■ ASSIGNMENT
The records below must be transcribed exactly.

*** DATA Section Begins ***

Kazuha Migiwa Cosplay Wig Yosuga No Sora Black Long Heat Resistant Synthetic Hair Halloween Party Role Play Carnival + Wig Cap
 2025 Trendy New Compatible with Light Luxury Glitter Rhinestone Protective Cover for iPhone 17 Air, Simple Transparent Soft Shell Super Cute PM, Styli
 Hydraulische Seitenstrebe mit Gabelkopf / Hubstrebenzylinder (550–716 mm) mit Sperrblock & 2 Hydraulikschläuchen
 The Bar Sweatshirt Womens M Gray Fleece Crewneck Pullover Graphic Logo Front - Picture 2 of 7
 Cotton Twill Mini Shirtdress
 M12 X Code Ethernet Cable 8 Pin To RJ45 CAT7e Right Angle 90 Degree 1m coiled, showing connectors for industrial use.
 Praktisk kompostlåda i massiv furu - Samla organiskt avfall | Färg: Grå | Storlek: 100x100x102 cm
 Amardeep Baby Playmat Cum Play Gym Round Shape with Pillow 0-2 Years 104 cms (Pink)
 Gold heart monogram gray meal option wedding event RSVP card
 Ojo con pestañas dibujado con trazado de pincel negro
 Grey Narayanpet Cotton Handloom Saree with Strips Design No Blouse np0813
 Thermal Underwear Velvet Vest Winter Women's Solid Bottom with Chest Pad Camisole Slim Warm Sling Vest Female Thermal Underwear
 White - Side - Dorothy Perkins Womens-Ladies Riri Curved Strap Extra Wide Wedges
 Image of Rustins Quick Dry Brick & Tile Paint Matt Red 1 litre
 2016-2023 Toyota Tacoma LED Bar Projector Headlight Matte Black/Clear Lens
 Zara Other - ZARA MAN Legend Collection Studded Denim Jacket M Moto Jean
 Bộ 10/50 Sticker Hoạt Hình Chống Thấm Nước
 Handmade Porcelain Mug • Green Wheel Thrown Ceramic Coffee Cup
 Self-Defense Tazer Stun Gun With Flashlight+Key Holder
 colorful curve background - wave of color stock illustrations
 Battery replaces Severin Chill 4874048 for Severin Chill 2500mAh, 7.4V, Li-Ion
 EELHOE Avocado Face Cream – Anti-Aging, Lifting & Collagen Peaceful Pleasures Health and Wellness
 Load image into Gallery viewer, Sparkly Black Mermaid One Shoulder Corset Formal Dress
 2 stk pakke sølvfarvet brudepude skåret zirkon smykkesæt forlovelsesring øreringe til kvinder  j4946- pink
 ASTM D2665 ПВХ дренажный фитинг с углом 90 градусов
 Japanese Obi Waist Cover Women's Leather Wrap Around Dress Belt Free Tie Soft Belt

*** DATA Section Ends ***

■ REPLY TO THE TASK
Kazuha Migiwa Cosplay Wig Yosuga No Sora Black Long Heat Resistant Synthetic Hair Halloween Party Role Play Carnival + Wig Cap
 2025 Trendy New Compatible with Light Luxury Glitter Rhinestone Protective Cover for iPhone 17 Air, Simple Transparent Soft Shell Super Cute PM, Styli
 Hydraulische Seitenstrebe mit Gabelkopf / Hubstrebenzylinder (550–716 mm) mit Sperrblock & 2 Hydraulikschläuchen
 The Bar Sweatshirt Womens M Gray Fleece Crewneck Pullover Graphic Logo Front - Picture 2 of 7
 Cotton Twill Mini Shirtdress
 M12 X Code Ethernet Cable 8 Pin To RJ45 CAT7e Right Angle 90 Degree 1m coiled, showing connectors for industrial use.
 Praktisk kompostlåda i massiv furu - Samla organiskt avfall | Färg: Grå | Storlek: 100x100x102 cm
 Amardeep Baby Playmat Cum Play Gym Round Shape with Pillow 0-2 Years 104 cms (Pink)
 Gold heart monogram gray meal option wedding event RSVP card
 Ojo con pestañas dibujado con trazado de pincel negro
 Grey Narayanpet Cotton Handloom Saree with Strips Design No Blouse np0813
 Thermal Underwear Velvet Vest Winter Women's Solid Bottom with Chest Pad Camisole Slim Warm Sling Vest Female Thermal Underwear
 White - Side - Dorothy Perkins Womens-Ladies Riri Curved Strap Extra Wide Wedges
 Image of Rustins Quick Dry Brick & Tile Paint Matt Red 1 litre
 2016-2023 Toyota Tacoma LED Bar Projector Headlight Matte Black/Clear Lens
 Zara Other - ZARA MAN Legend Collection Studded Denim Jacket M Moto Jean
 Bộ 10/50 Sticker Hoạt Hình Chống Thấm Nước
 Handmade Porcelain Mug • Green Wheel Thrown Ceramic Coffee Cup
 Self-Defense Tazer Stun Gun With Flashlight+Key Holder
 colorful curve background - wave of color stock illustrations
 Battery replaces Severin Chill 4874048 for Severin Chill 2500mAh, 7.4V, Li-Ion
 EELHOE Avocado Face Cream – Anti-Aging, Lifting & Collagen Peaceful Pleasures Health and Wellness
 Load image into Gallery viewer, Sparkly Black Mermaid One Shoulder Corset Formal Dress
 2 stk pakke sølvfarvet brudepude skåret zirkon smykkesæt forlovelsesring øreringe til kvinder  j4946- pink
 ASTM D2665 ПВХ дренажный фитинг с углом 90 градусов
 Japanese Obi Waist Cover Women's Leather Wrap Around Dress Belt Free Tie Soft Belt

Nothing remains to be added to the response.